Is steed in this a literal horse?
Mm-mm.
No, but it's, would it be something that's like, it's steeds plural, right?
Like it was like a, like I was thinking like dog sled or something, but the steeds are plastic,
wood or steel?
Like my steed is made of plastic or wood or steel
Like steed
A Santa lawn ornament
Or like a chessboard
Oh chess board's great
Yeah like it's something that covers up something else
And the thing that it covers can be made of plastic or wood or steel
Trump administration
EFSI files
It covers it
It's a thing that is famously covering things to keep something clean
Hmm
Cash Patel
What is something?
Keep something. Keep something clean. Is this? Oh, like those things that old people put on their couches.
Oh, could you go as the Epstein birthday book? Oh, my God.
No, you can't. No, because it doesn't exist, J.BZ. We can't play fictional things during Halloween.
That's right. Yeah, it was faked. It was all faked.
This keeps something clean. So, Aaron, is it, is it? Like a sheet or?
Yeah, that's really close.
A sheet is close. A sheet is really.
Close.
A blanket?
I bet you could use a sheet as a replacement for this.
And I'm sure a lot of people do.
Oh, prophylactic.
No.
We got a condom.
No.
I'm actually sort of really confused how to use a sheet as a condom.
I'm actually sort of really confused.
I'm actually sort of really confused over here.
Like a sheet in this basically look exactly the same.
I think that they are typically made of a.
that's close to
but this is
this is maybe used
on like a special occasion
sometimes it can be
for like a holiday
tablecloth
yes a tablecloth
I would like to see
you can absolutely use a sheet
as a tablecloth in a pinch
JPC you are
a parent in a family
and your kids are home
for the holidays
and you've set out
this like gorgeous meal
on a table
that is like
so formally set
and you just want everyone
to get along
and have a good time and rise to the occasion of how formal this meal is.
Well, guys, I cooked all day.
Wow.
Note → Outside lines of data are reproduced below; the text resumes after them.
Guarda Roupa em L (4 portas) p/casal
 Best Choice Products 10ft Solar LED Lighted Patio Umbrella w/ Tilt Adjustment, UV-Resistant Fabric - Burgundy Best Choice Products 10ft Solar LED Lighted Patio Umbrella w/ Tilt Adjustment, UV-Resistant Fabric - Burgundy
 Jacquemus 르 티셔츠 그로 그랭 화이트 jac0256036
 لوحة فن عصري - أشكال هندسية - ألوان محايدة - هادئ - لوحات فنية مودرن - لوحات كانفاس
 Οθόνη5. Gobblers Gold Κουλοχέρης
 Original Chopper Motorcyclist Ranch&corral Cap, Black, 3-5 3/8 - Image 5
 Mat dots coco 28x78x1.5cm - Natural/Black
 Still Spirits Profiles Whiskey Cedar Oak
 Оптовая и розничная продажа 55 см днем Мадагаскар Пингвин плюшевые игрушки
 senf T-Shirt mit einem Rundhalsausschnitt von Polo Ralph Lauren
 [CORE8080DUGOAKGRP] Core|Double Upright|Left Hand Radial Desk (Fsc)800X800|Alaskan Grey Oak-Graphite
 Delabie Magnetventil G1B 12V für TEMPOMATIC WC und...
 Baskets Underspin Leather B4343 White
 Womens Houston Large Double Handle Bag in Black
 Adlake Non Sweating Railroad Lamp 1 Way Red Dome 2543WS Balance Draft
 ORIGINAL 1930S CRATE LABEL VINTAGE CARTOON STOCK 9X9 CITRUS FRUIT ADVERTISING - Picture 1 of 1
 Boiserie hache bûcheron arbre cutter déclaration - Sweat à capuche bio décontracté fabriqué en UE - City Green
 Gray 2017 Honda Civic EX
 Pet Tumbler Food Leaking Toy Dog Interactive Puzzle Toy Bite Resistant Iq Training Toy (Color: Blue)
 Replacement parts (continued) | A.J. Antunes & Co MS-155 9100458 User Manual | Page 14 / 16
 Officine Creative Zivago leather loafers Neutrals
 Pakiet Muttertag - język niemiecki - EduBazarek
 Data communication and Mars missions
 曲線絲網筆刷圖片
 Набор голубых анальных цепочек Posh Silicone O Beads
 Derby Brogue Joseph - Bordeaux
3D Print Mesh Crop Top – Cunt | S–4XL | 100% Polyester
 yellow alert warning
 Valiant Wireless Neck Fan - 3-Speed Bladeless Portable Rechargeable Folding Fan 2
Good job, pops.
Yeah, dad's never really done an all-day cook like this before.
It was pretty challenging.
Everything kind of came together in the right way.
Did you email Mom for any of the recipes, or did you wing it?
This is me not using Mom's recipes, kind of using some of my own creations.
Well, I mean, it wasn't all me.
It was a, I, I had an Emerald-Lagasy cookbook from 2002.
And so I used.
Oh, that's what you got in the divorce, right?
No, this is something that dad got for himself, bam.
Just to kind of, yeah, it's just like a post-divorce thing.
It was not something that I got in the divorce or, you know, because the divorce champ would have been our stuff.
So it wouldn't be, I wouldn't get new stuff from the divorce.
Yeah, Troy, we went to Troy's for.
for Easter, and it was kind of incredible.
Troy is like, is he, he's James Beard.
Yeah.
James Beard Award winning, right?
Yeah, and he's like, I think total across all of his restaurants,
like 15 Michelin stars, which is crazy for someone so young.
And so tall.
He's 6.8, 245.
Tall for a chef.
But anyways, Dad, I'm sure this is so great.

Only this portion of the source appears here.